** Records drawn from a dataset **
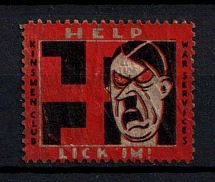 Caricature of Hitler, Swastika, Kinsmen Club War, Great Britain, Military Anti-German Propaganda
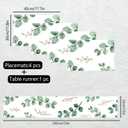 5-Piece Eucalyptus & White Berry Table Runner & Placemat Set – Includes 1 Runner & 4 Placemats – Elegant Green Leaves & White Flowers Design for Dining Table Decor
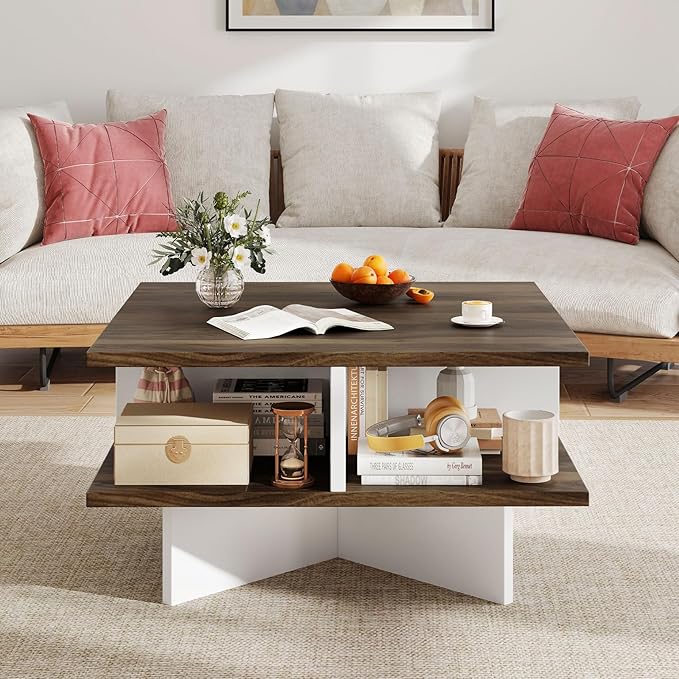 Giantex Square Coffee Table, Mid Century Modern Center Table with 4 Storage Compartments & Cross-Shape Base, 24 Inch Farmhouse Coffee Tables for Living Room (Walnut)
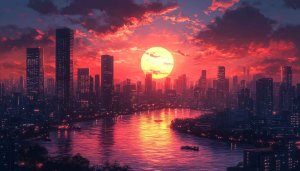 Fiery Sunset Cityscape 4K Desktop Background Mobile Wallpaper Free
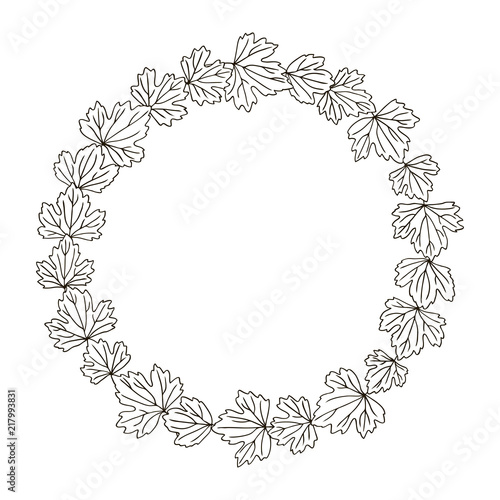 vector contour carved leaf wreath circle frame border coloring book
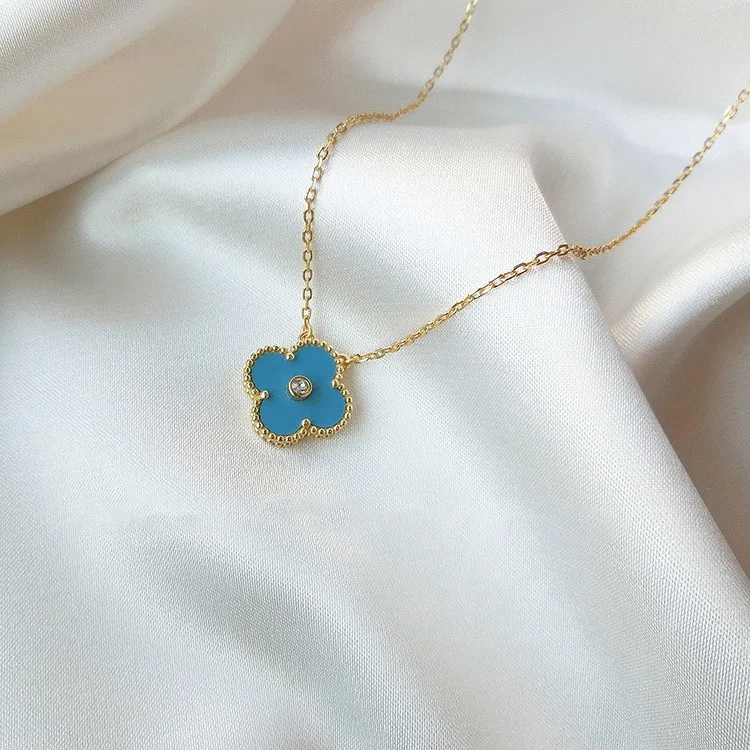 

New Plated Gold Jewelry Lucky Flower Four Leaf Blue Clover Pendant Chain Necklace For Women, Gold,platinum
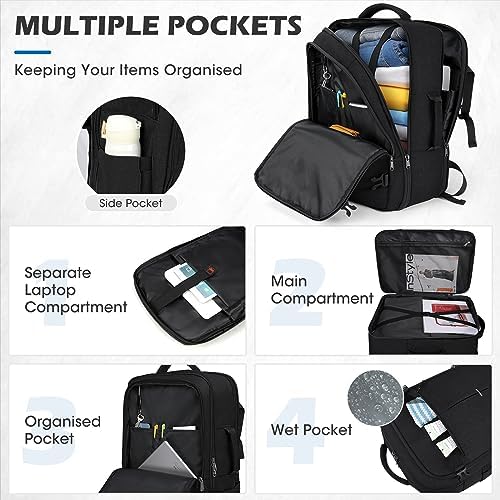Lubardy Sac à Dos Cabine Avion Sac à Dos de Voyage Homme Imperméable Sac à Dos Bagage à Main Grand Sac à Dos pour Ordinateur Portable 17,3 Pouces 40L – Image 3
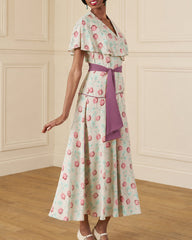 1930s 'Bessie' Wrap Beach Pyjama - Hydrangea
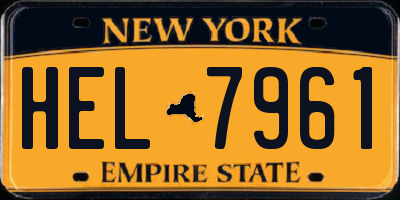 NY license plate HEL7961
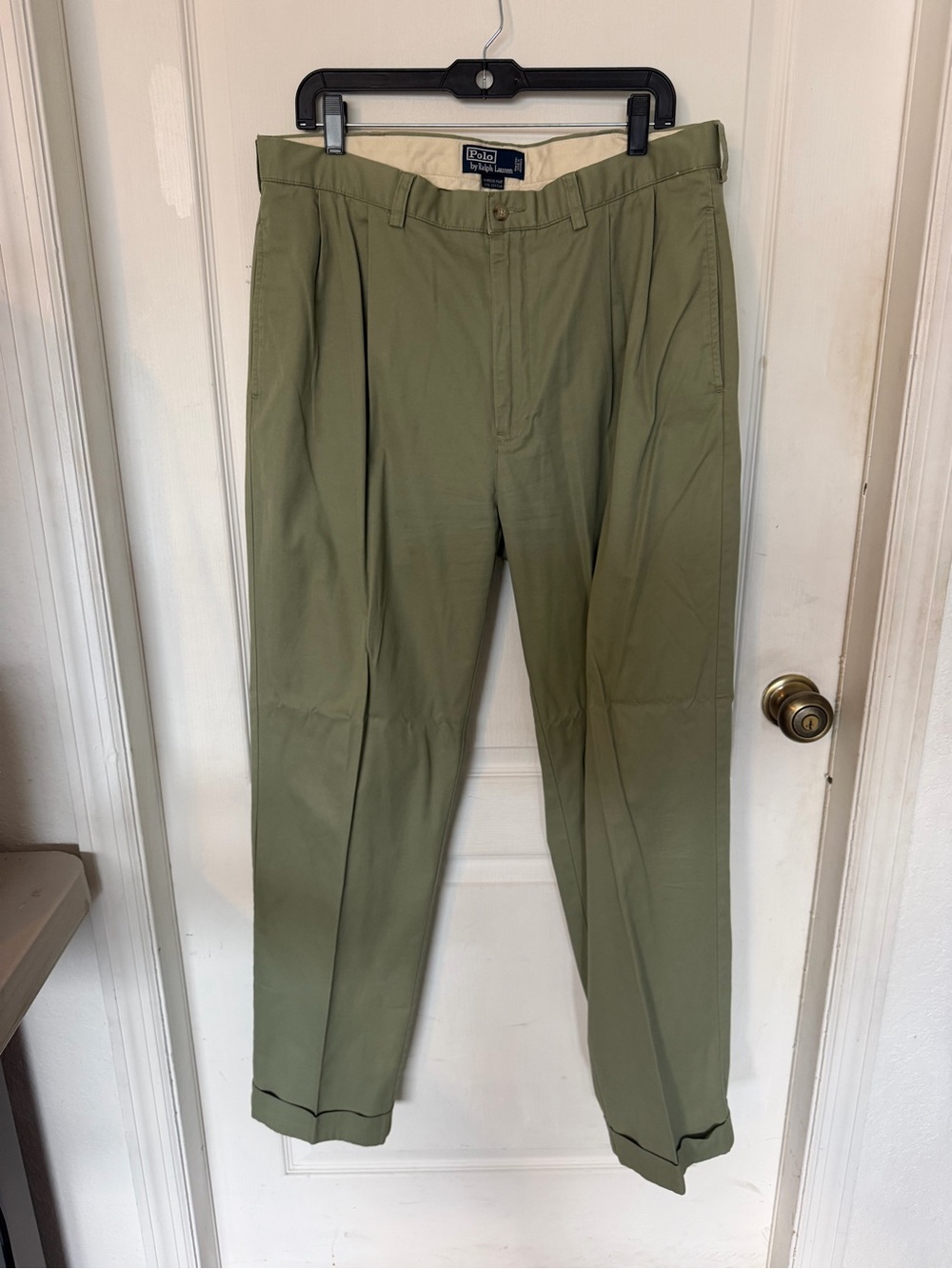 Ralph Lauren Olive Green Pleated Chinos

** Work instruction **
Please output the records exactly, leaving the pictures out.

** Answer to this exercise **
 Caricature of Hitler, Swastika, Kinsmen Club War, Great Britain, Military Anti-German Propaganda
 5-Piece Eucalyptus & White Berry Table Runner & Placemat Set – Includes 1 Runner & 4 Placemats – Elegant Green Leaves & White Flowers Design for Dining Table Decor
 Giantex Square Coffee Table, Mid Century Modern Center Table with 4 Storage Compartments & Cross-Shape Base, 24 Inch Farmhouse Coffee Tables for Living Room (Walnut)
 Fiery Sunset Cityscape 4K Desktop Background Mobile Wallpaper Free
 vector contour carved leaf wreath circle frame border coloring book

New Plated Gold Jewelry Lucky Flower Four Leaf Blue Clover Pendant Chain Necklace For Women, Gold,platinum
Lubardy Sac à Dos Cabine Avion Sac à Dos de Voyage Homme Imperméable Sac à Dos Bagage à Main Grand Sac à Dos pour Ordinateur Portable 17,3 Pouces 40L – Image 3
 1930s 'Bessie' Wrap Beach Pyjama - Hydrangea
 NY license plate HEL7961
 Ralph Lauren Olive Green Pleated Chinos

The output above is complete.